[What is expected]:
Leave out the pictures and retype all the entries below exactly.

[Provided material]:
--- START ---
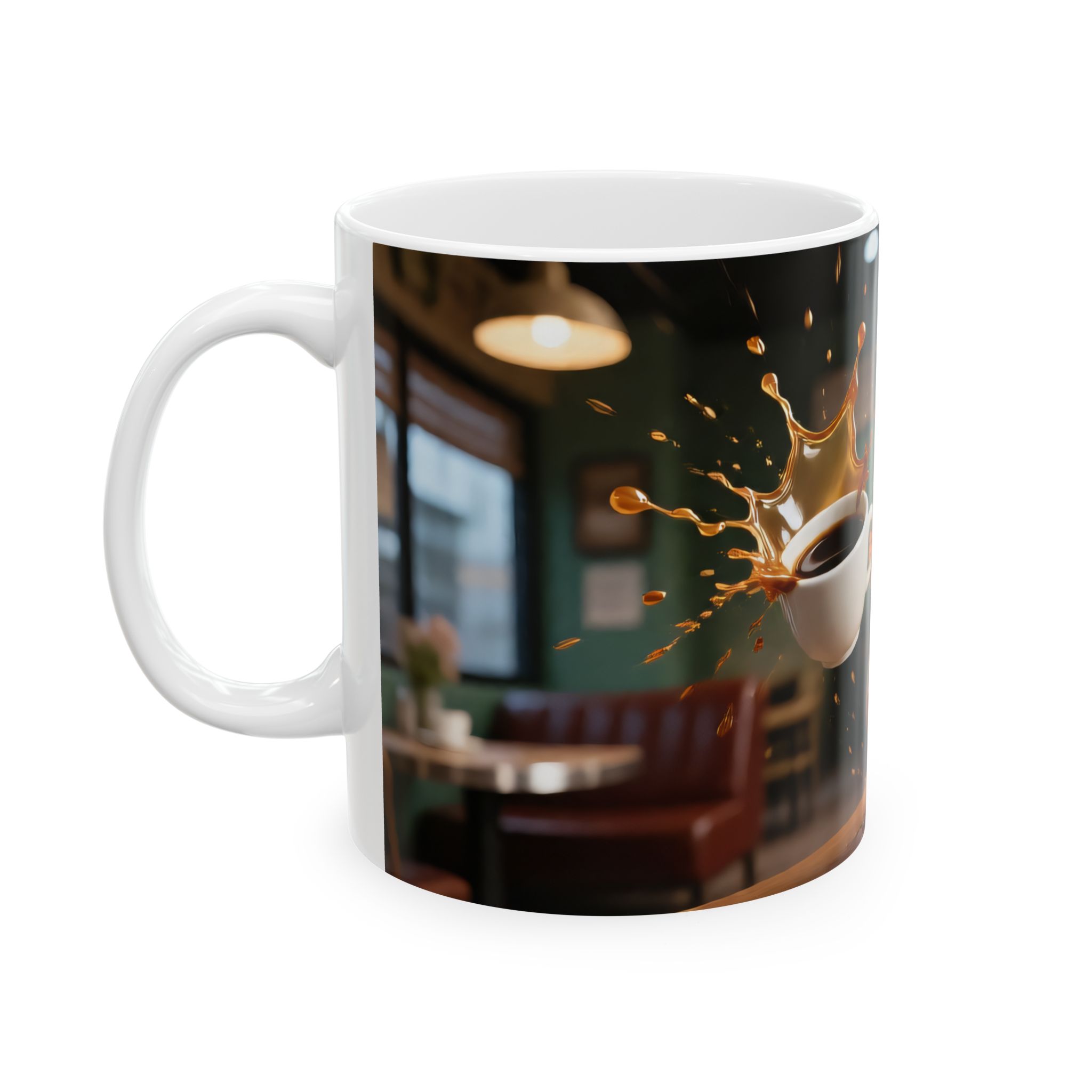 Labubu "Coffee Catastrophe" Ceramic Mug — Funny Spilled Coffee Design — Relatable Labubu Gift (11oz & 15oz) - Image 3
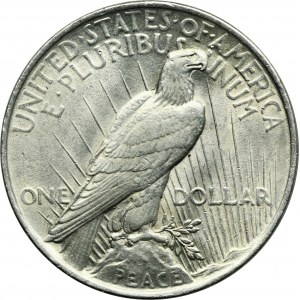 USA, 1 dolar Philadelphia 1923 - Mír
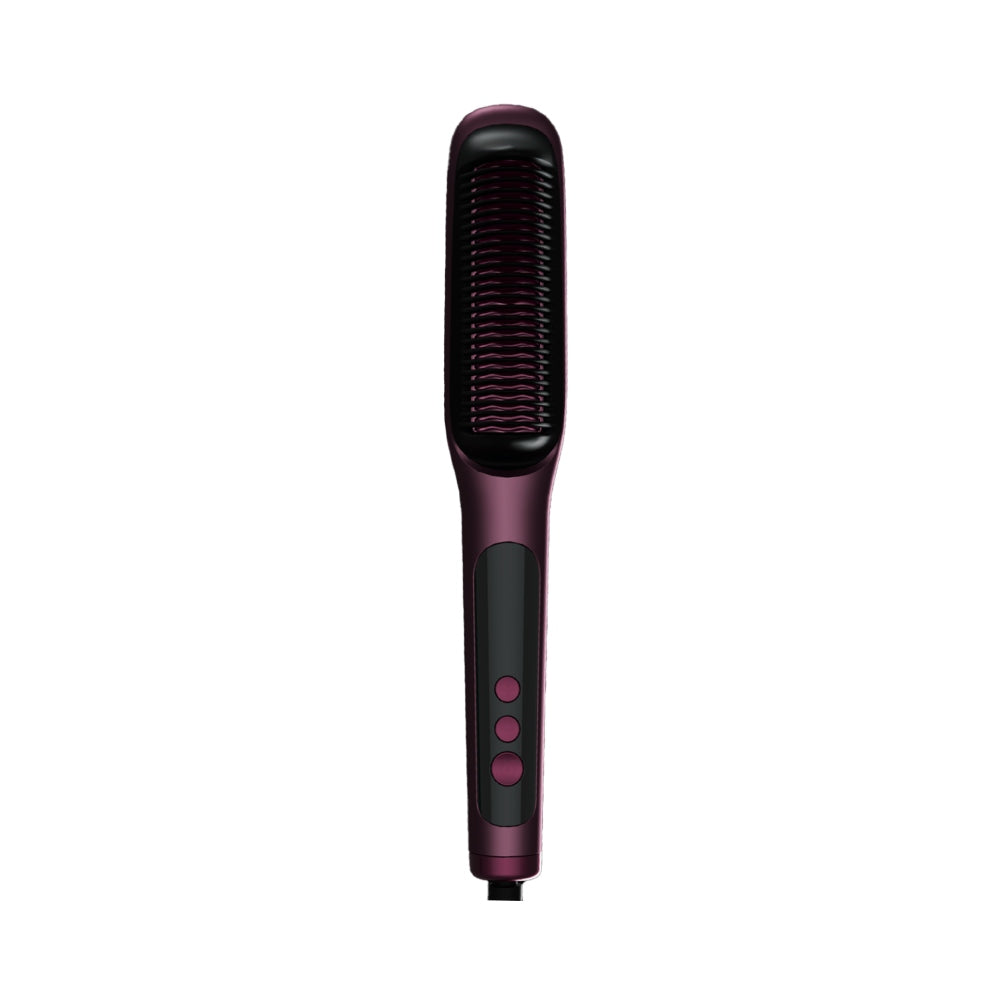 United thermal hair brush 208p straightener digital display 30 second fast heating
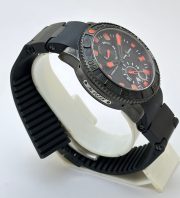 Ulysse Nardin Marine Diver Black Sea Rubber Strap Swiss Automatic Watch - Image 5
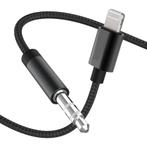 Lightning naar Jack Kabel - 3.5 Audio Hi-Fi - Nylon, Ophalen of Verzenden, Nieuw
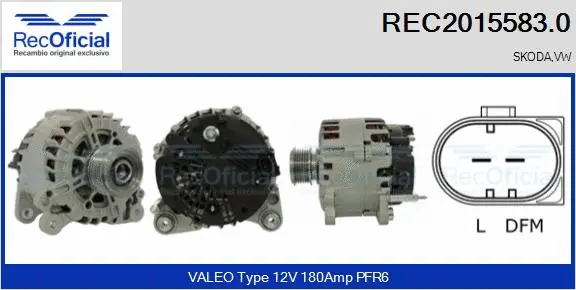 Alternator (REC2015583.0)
--- END ---
[Output of the exercise]:
 Labubu "Coffee Catastrophe" Ceramic Mug — Funny Spilled Coffee Design — Relatable Labubu Gift (11oz & 15oz) - Image 3
 USA, 1 dolar Philadelphia 1923 - Mír
 United thermal hair brush 208p straightener digital display 30 second fast heating
 Ulysse Nardin Marine Diver Black Sea Rubber Strap Swiss Automatic Watch - Image 5
 Lightning naar Jack Kabel - 3.5 Audio Hi-Fi - Nylon, Ophalen of Verzenden, Nieuw
 Alternator (REC2015583.0)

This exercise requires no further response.